Berdasarkan uraian tersebut di atas maka kompetensi dapat dilihat melalui berbagai sudut pandang. Namun dalam penelitian ini akan digunakan kompetensi dari sudut auditor individual, hal ini dikarenakan auditor adalah subyek yang melakukan audit secara langsung dan berhubungan langsung dalam proses audit sehingga diperlukan kompetensi yang baik untuk menghasilkan audit yang berkualitas. Dan berdasarkan konstruk yang dikemukakan oleh De Angelo (1981), kompetensi diproksikan dalam dua hal yaitu pengetahuan dan pengalaman.
Pengetahuan                 
Widhi (2006) dalam Elfarini (2007) menyatakan bahwa pengetahuan memiliki pengaruh signifikan terhadap kualitas audit. Adapun SPAP 2001 tentang standar umum, menjelaskan bahwa dalam melakukan audit, auditor harus memiliki keahlian dan struktur pengetahuan yang cukup.

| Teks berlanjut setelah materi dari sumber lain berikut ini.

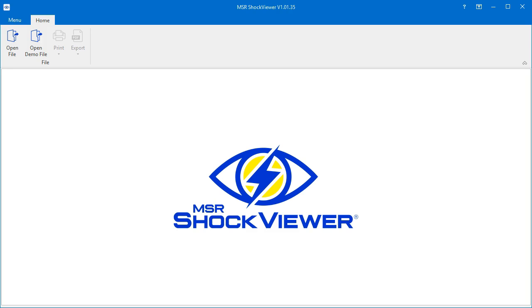In this video we will learn how to open a data file in MSR Shock Viewer and how to get a shock report.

Pengetahuan diukur dari seberapa tinggi pendidikan seorang auditor karena dengan demikian auditor akan mempunyai semakin banyak pengetahuan (pandangan) mengenai bidang yang digelutinya sehingga dapat mengetahui berbagai masalah secara lebih mendalam, selain itu auditor akan lebih mudah dalam mengikuti perkembangan yang semakin kompleks (Meinhard et.al, 1987 dalam Harhinto, 2004:35).
Pengalaman
Audit menuntut keahlian dan profesionalisme yang tinggi. Keahlian tersebut tidak hanya dipengaruhi oleh pendidikan formal tetapi banyak faktor lain yang mempengaruhi antara lain adalah pengalaman. Menurut Tubbs (1992) dalam Mayangsari (2003) auditor yang berpengalaman memiliki keunggulan dalam hal:
1) Mendeteksi kesalahan
2) Memahami kesalahan secara akurat
3) Mencari penyebab kesalahan.
Murphy dan Wrigth (1984) dalam Sularso dan Naim (1999) memberikan bukti empiris bahwa seseorang yang berpengalaman dalam suatu bidang subtantif memiliki lebih banyak hal yang tersimpan dalam ingatannya. Weber dan Croker (1983) dalam artikel yang sama juga menunjukkan bahwa semakin banyak pengalaman seseorang, maka hasil pekerjaannya semakin akurat dan lebih banyak mempunyai memori tentang struktur kategori yang rumit.
Independensi
Independensi menurut Arens dkk. (2008:111) dapat diartikan mengambil sudut pandang yang tidak bias. Auditor tidak hanya harus independen dalam fakta, tetapi juga harus independen dalam penampilan. Independensi dalam fakta (independence in fact) ada bila auditor benar-benar mampu mempertahankan sikap yang tidak bias sepanjang audit, sedangkan independensi dalam penampilan (independent in appearance) adalah hasil dari interpretasi lain atas independensi ini.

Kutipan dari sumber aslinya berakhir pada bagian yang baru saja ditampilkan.